Im Angesicht der Flut spürt man Demut. Wenn die Isar von einem ruhigen Gewässer zu einem reißenden Fluss geworden ist und man selbst verschont bleibt, wird einem klar, wie gut es einem geht. Und wie kann man nur ruhig herumsitzen, während andere leiden? Da mag es noch so heiß, und man selbst noch so müde sein. So beschäftige ich mich den Vormittag über damit, per Funk Benzin für Notstromaggregate klarzumachen, Schaufeln, Handschuhe zu besorgen. Als ich in unser kleines Büro zurückkomme, wo die Infrastruktur bestens ist, bin ich frisch motiviert.
Solche Begegnungen sind wichtiger als die mit VIPs. Vor ein paar Tagen stand plötzlich der Staatssekretär bei uns im Büro, und ich schickte ihn einfach weiter zu einer Kollegin, damit die sich mit ihm beschäftigte – im ganzen Stress hatte ich ihn nicht erkannt. So bin ich auch nicht allzu erpicht auf das Treffen mit dem Bundespräsidenten Joachim Gauck – denn das wird eineinhalb Stunden wertvolle Arbeitszeit füllen. Und das sage ich auch nur so halb im Scherz.
Natürlich ist sein Lob schon sehr nett, als wir alle im Büro zusammensitzen und es dort sehr eng wird – Platz für die Presse ist da zum Glück keiner. Während es in meinen Fingern nach einem schnellen Statusupdate juckt, wird der Politiker sehr persönlich.
Er ist ja auch stark couragiert und pusht uns für die letzten Tage – glücklich sei er, dass es, wenn es drauf ankommt, Leute gibt, die nicht abstumpfen. Vor allem junge Leute, bei denen es immer heiße, die lägen nur noch auf der faulen Haut rum, allen voran die Studenten. Er sei stolz darauf, sagt er fast großväterlich, diese Geschichte noch in fünfzig Jahren als mustergültiges Beispiel hernehmen zu dürfen. Beppo guckt ernst, ich reibe mir die Augen. Bald ist es geschafft. Doch dann geht der Trubel weiter, die Prüfungsphase steht uns bevor.
Oh, und ein weiteres Ereignis kündigt sich in den nächsten Tagen an: Ich werde vierundzwanzig.

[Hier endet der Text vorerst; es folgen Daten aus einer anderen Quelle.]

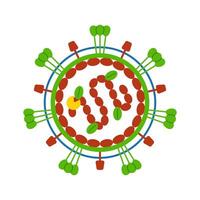 Human metapneumovirus isolated on white background. Schematic representation of the virus molecule and its structure. Virus logo. vector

Für eine große Feier hätte ich ohnehin nicht die Energie gehabt, und so machen wir zum ersten Mal das Beste aus dem sonnigen Wetter und setzen uns am vorletzten Tag unserer Aktion abends in den Biergarten. Das ganze Team ist anwesend; es ist wie ein Abschlussessen.
Mit hintergründigem Blick erhebt sich Beppo, um dem Team zu Ehren eine Rede zu halten. Er redet laut und mit stolzgeschwellter Brust, als er sich für die letzten Tage bedankt.

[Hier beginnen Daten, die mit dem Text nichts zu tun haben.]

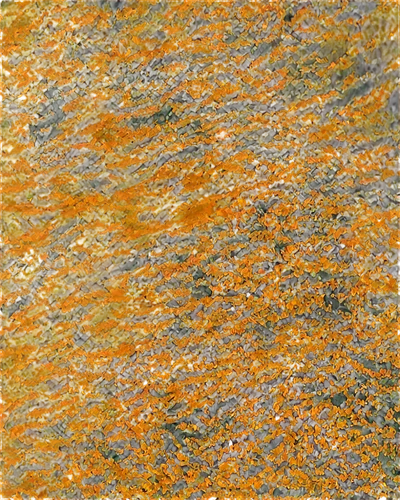 venus surface,cirrocumulus,geoglyphs,road surface,striae,kngwarreye,napaltjarri,abstract gold embossed,ripple marks,watercolour texture,sargassum,undulatus,pavement,bryozoans,nasca plateau,koli bacteria,pintada,trichophyton,gold paint strokes,sediment,Illustration,Abstract Fantasy,Abstract Fantasy 19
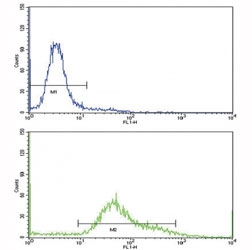 Flow cytometric analysis of HeLa cells using CD71 antibody (bottom histogram) compared to a negative control (top histogram). FITC-conjugated goat-anti-rabbit secondary Ab was used for the analysis.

„Habe ich richtig gehört?“, erhebt sich in diesem Moment ein Herr vom Nachbartisch, „Ihr habt die Hilfsaktion durchgeführt?“
Überschwänglich schüttelt er uns nacheinander die Hand und stellt sich als Chef einer Firma vor, die komplett untergegangen ist.
„Was ihr getan habt, war brutal gut! Ohne euch wäre unser Betrieb so schnell nicht mehr auf die Beine gekommen!“ Ein paar seiner Mitarbeiter kommen hinzu, bedanken sich. Er fährt fort und treibt mir fast die Nässe in die Augen, so tief rein ins Herz gehen seine Worte: „Es ist nicht nur wichtig, dass ihr helft, sondern dass die Leute auch merken, dass sie nicht alleine sind!“
Für unsere Solidarität bekommen wir von ihm Freigetränke. Weniger wegen des Biers, mehr wegen seiner Worte hätte ich mir einen besseren Geburtstag kaum vorstellen können.
Das Blitzlichtgewitter und die Aufmerksamkeit der Leute endeten abrupt, als wir uns für zwei Tage zurückzogen, um uns auszuruhen und neue Kräfte zu tanken. Ich fuhr zu meinen Eltern in den Bayerischen Wald. Dort gab es zwar eine Grillparty, aber nicht mir zu Ehren, und ich wurde auch nicht wie ein Lokalmatador behandelt. Ich konnte mich gleich aufs Lernen konzentrieren.
Das Benefizkonzert auf dem Campus der Hochschule mit Xavier Naidoo und viertausend Besuchern, die um die vierundvierzigtausend Euro spendeten, verwischte vor meinen Augen, zu sehr musste ich mich auf den versäumten Studienstoff konzentrieren. Aber es war wohl schon ganz nett.
Und nun stehen wir hier. Es ist ein kühler Dezembertag. Wir tragen keine orangefarbenen Westen mehr, aber ganz überwunden haben wir die Ereignisse immer noch nicht. Die damalige Bundesfamilienministerin Kristina Schröder überreicht uns den Sonderpreis des Deutschen Engagementpreises. Fünftausend Euro. Noch ahnen wir nicht, dass das Geld auf dem Haufen der anderen Preisgelder landen und später einmal der Hochschule zukommen wird – irgendwann einmal, wenn alles dazu geklärt ist.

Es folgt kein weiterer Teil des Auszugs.